Processed Archives
Processed Archives: Finding Aid Component packages from Forensic Toolkit
Processed Archives packages are packages of files created by the Archival Processing Unit using either Forensic Toolkit (FTK) or a file manager. Subsequently, they are exported by the Digital Archives team. They are also known as Finding Aid Component (FA component) packages. More information on the Processing steps can be found on Digital Archives documentation website. The following diagram shows how this type of package may look like.
The top-level folder should be named after the finding aid component ID, aka the Electronic Records Identifier, e.g. M1234_ER_0001. This top-level folder should also include a “metadata” and an “objects” folder. Within the “metadata” folder, there should be a CSV file, named with the same finding aid component ID. Within the “objects” folder, it should have one or more files.
Data Model
Born-Digital Archives Data Model is created to accommodate a wide range of content collected by the NYPL Digital Archives program. It is designed to be adaptable to legacy collections as well as Digital Archives’ future acquisitions.
Data Model Description
The following data model describes how a FA component package will be structured after ingested into the digital repository software, Preservica.
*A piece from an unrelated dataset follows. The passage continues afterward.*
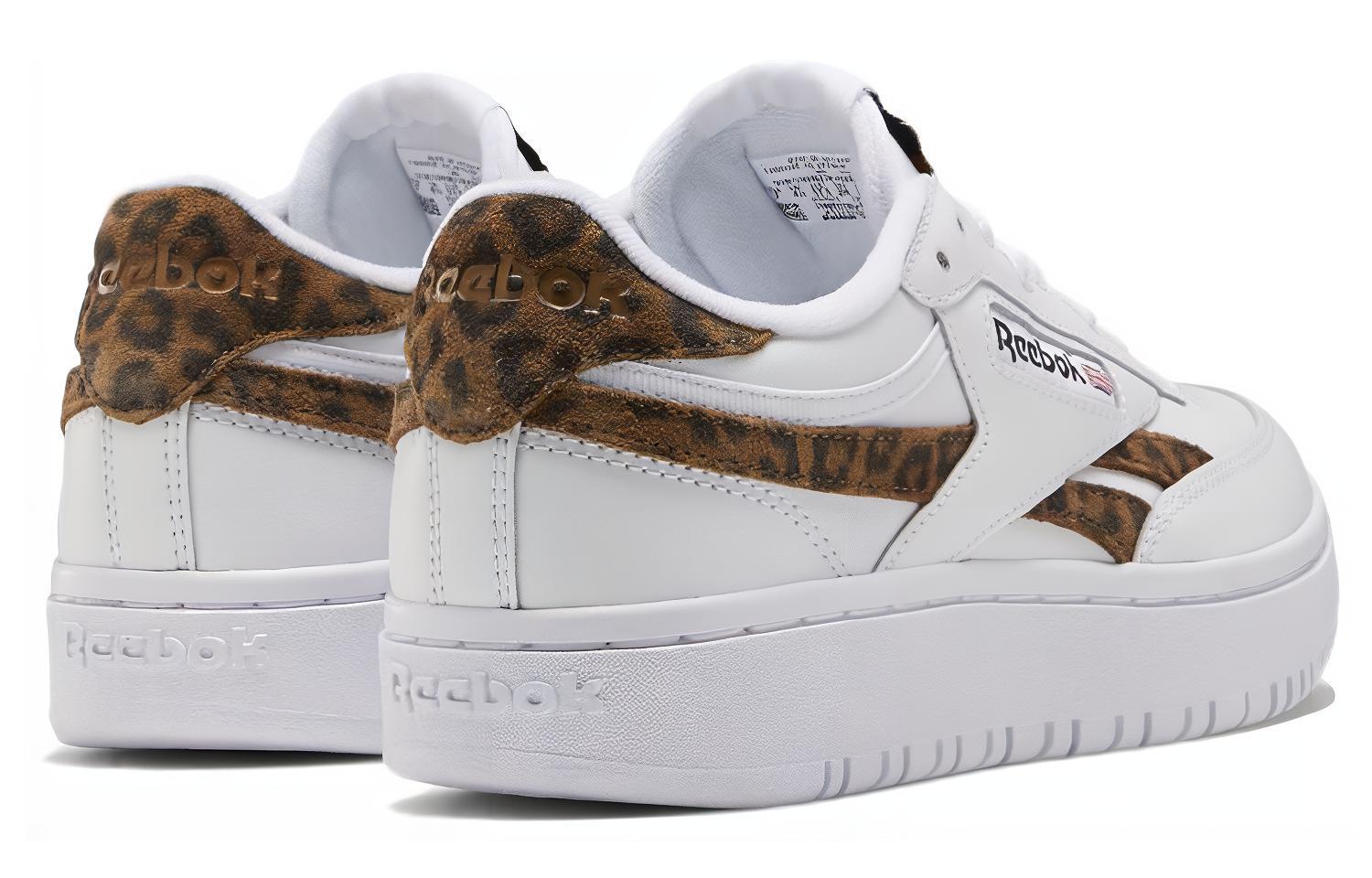 Shop Reebok Club C Double Revenge 復古低筒板鞋 女款 白棕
Each component forms a Structural Object (SO), named as “DI/EM/ER Container”, which can be understood as a folder. DI stands for Digital Image; EM stands for Email; and ER stands for Electronic Record. DI/EM/ER Container must have one metadata SO, named “(original folder title)_metadata”, and one contents SO, “(original folder title)_contents”. Within the metadata SO, there may not have any file, or it may have metadata file(s). Within the contents SO, there can be Information Object(s) (IO), also known as asset(s), and/or file and folder hierarchy, depending on the original content structure.
Process
The Born-Digital Archives Ingest instructions document how Digital Preservation (DP) staff move FA component packages from temporary storage locations to the Library’s digital repository hosted on Preservica.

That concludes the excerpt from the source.